Overview
- Manufacturer: Oldsmobile (General Motors)
- Also called: GM O4 (after the brand was phased out)
- Production: 2001 (concept car)

Body and chassis
- Class: Sport compact car
- Body style: 4-door convertible
- Layout: Front-engine, front-wheel-drive
- Doors: Suicide doors
- Related: Opel Astra

= Oldsmobile O4 =

The Oldsmobile O4 was a front-wheel drive concept car designed by Oldsmobile in 2001. The O4 was a 4-door convertible that was aimed at a younger demographic. The O4 displayed features that would have been included on the next generation Oldsmobile Alero, had it not been cancelled.

==Overview==

Many of the O4's mechanical components originated from the Opel Astra, a German small family car. The O4 had a 4-cylinder engine that produced 190 hp, along with a manual transmission. The roof featured twin targa tops made of carbon fiber that could be stowed behind the rear passenger seats. In addition, the rear window retracted into a compartment located behind the rear passenger seats. The Oldsmobile O4's doors have a manner of front conventional doors and rear small suicide doors.

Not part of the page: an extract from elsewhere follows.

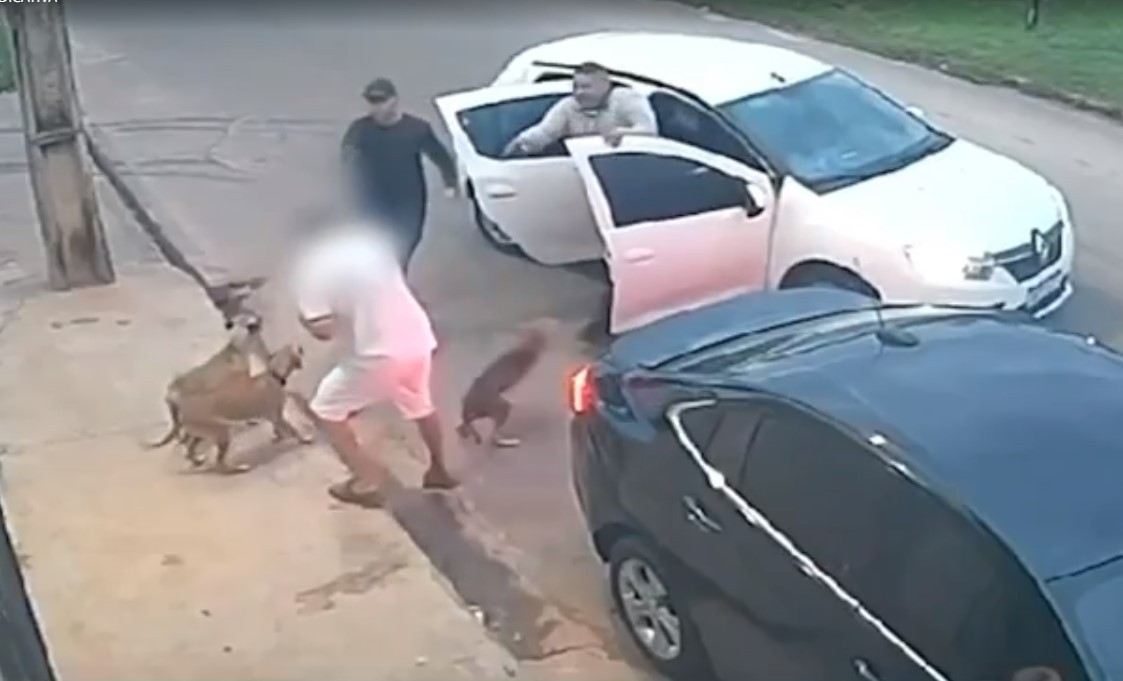 Vídeo: dono de padaria tem carro roubado enquanto fazia carinho em cachorros na porta do estabelecimento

The O4 was also noted for its "info ring" which replaced the traditional instrument cluster. The info ring was inspired by the Palm Pilot and similar devices. The "info ring" had 10 switches that operated all of its functions. Media and other information such as movies, maps, and telephone numbers were able to be stored and displayed via Sony memory stick. The O4 was also equipped with General Motors' OnStar service.

==Namesake==
The "O" in O4 stood for "Oxygen" while the "4" represented the car's seating capacity.

==Doors==
The Oldsmobile O4's doors open in a manner of front conventional doors and rear small suicide doors. The Oldsmobile O4 has 2 silver door handles on the front doors while it does not have door handles for the rear doors.

==Cancellation==

Just weeks before the O4's unveiling, General Motors announced its phasing out of the Oldsmobile brand. By the time of the O4's unveiling, the O4 was called the GM O4, with the "Oldsmobile" marque removed.